Why is alignment important?
Alignment is high on the list of potential issues when it comes to
programming language portability. Different
machine architectures have different alignments, often related to the byte
addressing scheme of the
hardware.
Consider the following C structure:
struct foo {
char blah;
short bar;
long quux;
};
If we have a
struct foo at address 0x00054168, then on a
byte aligned machine, such as the
VAX, this is represented as 7 bytes long, with .bar at 0x00054169 and .quux at 0x0005416b.
Whereas, on a machine where shorts are aligned to shorts, and longs to longs, the structure is 8 bytes long, .bar is at 0x0005416a and .quux at 0x0005416c.
Consider an RPC transport, sending a struct foo between these machines, or a database storing it as a blob. The two machines will not be able to read correctly each other's structures.
Unaligned data does have a speed penalty, as it takes more instructions and CPU cycles to use the unaligned form. This is because the memory access takes place using the full width of the bus (32 bits or 64 bits), and this operation is by its very nature aligned to this size, owing to the way that memory works. If an unaligned data item spans more than one bus-sized memory location, this will require two fetch or store operations.
In some cases, the machine architecture can offer a choice of different alignment schemes. For example, the DEC Alpha natively has instructions that work on aligned data types, but can also work on byte aligned (unaligned) data for compatibility with the VAX. This was very important for the porting of VMS to the Alpha platform, as many of VMS's internal data structures and control blocks contain unaligned data. The DECC compiler has a pragma to control this.

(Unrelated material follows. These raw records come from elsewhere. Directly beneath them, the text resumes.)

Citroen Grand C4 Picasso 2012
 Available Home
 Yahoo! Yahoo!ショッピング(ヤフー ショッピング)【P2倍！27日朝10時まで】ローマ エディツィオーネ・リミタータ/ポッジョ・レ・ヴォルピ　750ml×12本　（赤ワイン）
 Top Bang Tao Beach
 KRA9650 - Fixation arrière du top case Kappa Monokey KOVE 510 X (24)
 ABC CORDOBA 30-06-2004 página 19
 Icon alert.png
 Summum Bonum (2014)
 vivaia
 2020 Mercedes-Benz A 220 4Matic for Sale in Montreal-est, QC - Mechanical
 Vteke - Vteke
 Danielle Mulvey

#pragma nomember_alignment
struct foo {
char blah;
short bar;
long quux;
};
#pragma member_alignment
is how you would code a
struct foo to behave like a VAX.
The problems of alignment can be exacerbated by bad programming practices which rely on structures being implemented in particular ways.
To write portable C code, you must stick to the rules - breaking which C may let you get away with on a particular platform. Many other programming languages do not allow you to take any liberties in the first place.